New Russian Naval Base Coming to Sudan

This month, Russia and Sudan signed an agreement providing for the establishment of a new Russia naval base near the creatively-named coastal city of Port Sudan, Sudan.  Lying close to the center of the Red Sea’s western coast, the location holds a lot of strategic potential (especially from the perspective of naval logistics) and should greatly enhance Russia’s ability to project naval power in the Mediterranean, Red Sea and Indian Ocean. Notably, the base will be capable of, and allowed under the agreement, to host nuclear-powered vessels. As the base will not have an airstrip, its value for projecting power over continental Africa, will remain limited. Nevertheless, its value is still significant.

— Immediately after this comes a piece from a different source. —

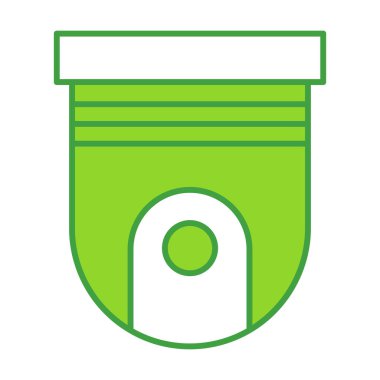 CCTV technology icon with green outline style. Concept, digital, data, abstract, network, internet, tech. Vector Illustration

This development builds on a longer trend of cooperation between Russia and Sudan. Russian private military companies are known to have been active in the country and bilateral agreements on military and related technical support to Sudan had been signed back in 2019. Meanwhile, further back in 2018, the Sudanese Ministry of Energy contracted Russian companies to construct oil refineries in the Port Sudan area. By reinforcing this growing bilateral relationship, the new agreement flies in the face of recent US policy developments as the US had removed Sudan from its list of state sponsors of terrorism back in October and thus likely hoped to improve its own ties with Sudan.

Putin meets Sudanese president Omar Al-Bashir back in 2017.

The land for the base will be provided free of charge and no taxes or rent will be collected by the Sudanese government for at least the next 25 years.  Sudan stands to benefit as the base is expected to help suppress piracy; arms, drug and human trafficking; and protect local gas and oil installations. It may also offer a new backdoor through which Russia would be able to supply Sudan while dodging international sanctions.

For Russia, the base will build on a growing network of outposts in the region. Russian presence in Syria is already well established while in Libya, unofficial Russian presence through private military companies is nothing new.

There is still no information regarding how long it will take before the newly planned base is built and becomes fully operational.